On 7 Dec., the Court of Justice of the European Union issued its judgment in the SCHUFA case (case C-634/21). The CJEU ruled a credit reference agency engages in automated individual decision-making when it creates credit repayment probability scores as a result of automated processing and when lenders rely heavily on these scores to establish, implement or terminate contracts.

This means the obligation to comply with Article 22 of the EU General Data Protection Regulation falls on the credit reference agency rather than just on the lender. Article 22 only allows the use of automated individual decision-making in limited situations, e.g., contractual necessity, specific justifications under EU or member state law, or explicit consent. Where individual decision-making is allowed, protections — including ensuring that individuals can obtain human intervention, express their views and challenge decisions made about them — must be in place. Regulators and other stakeholders have stated the decision will have ramifications for all automated decision-making services and providers offering predictive artificial intelligence tools.

In our view, this is an overstatement. It overlooks the fact that the decision is specific to situations in which provider's input could significantly affect individuals and is heavily weighted.The decision could have implications for organizations other than credit reference agencies if they provide critical decision-making support.

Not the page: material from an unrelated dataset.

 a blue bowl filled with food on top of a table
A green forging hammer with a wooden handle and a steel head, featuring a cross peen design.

On the same day, the CJEU also issued a decision in joined cases C-26/22 and 64/22, relating to the retention of insolvency data by credit reference agencies in line with a data protection authority-approved code of conduct. In these cases, the CJEU considered the extent to which credit reference agencies could retain insolvency data once it had ceased to be available in a public register. The CJEU also commented on how the right to object to legitimate interests-based processing and erasure interact, and held that data subjects have a right to a full judicial review of decisions by DPAs. Courts are not restricted to a more limited, process-oriented review of whether a DPA has received a complaint, investigated it, and communicated the outcome to the complainant.

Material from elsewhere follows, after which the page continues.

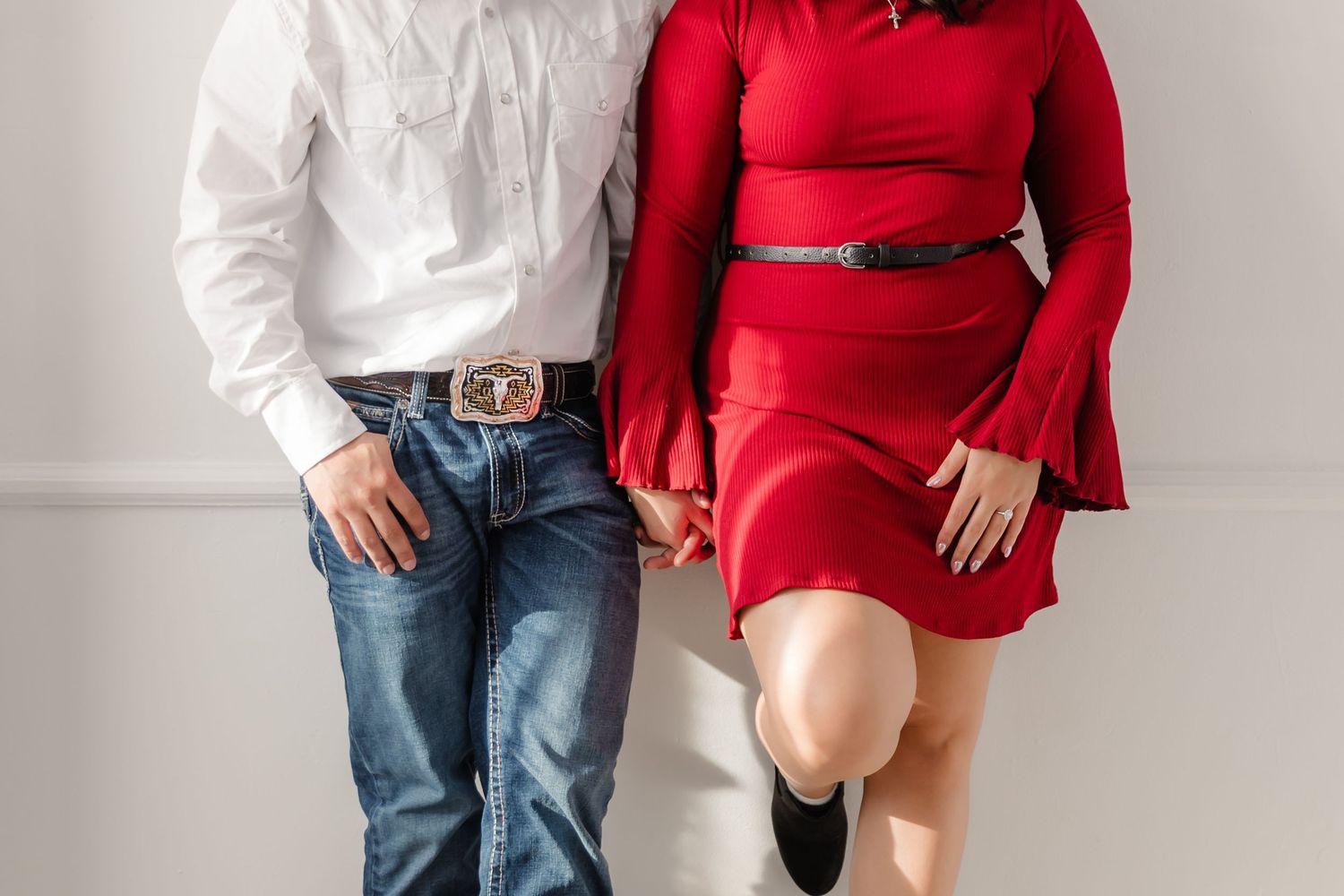 A couple poses against a white wall wearing contrasting outfits of denim with white shirt and a red two-piece dress.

Case 1: When does a preparatory act itself become an automated individual decision?

Credit bureau SCHUFA provides credit information about individuals to lenders using a probability-based scoring system. An individual, OQ, was denied credit after SCHUFA supplied credit information about her. OQ made an access and erasure request and, while it provided data, SCHUFA refused to provide details on how it determined the score, citing trade secrets. OQ lodged a complaint with the Hamburg DPA, the Commissioner for Data Protection and Freedom of Information, which rejected her claim. OQ appealed the decision, and the Administrative Court handling the appeal referred the case to the CJEU for a ruling on whether the SCHUFA scoring system constituted an automated individual decision under Article 22(1) of the GDPR.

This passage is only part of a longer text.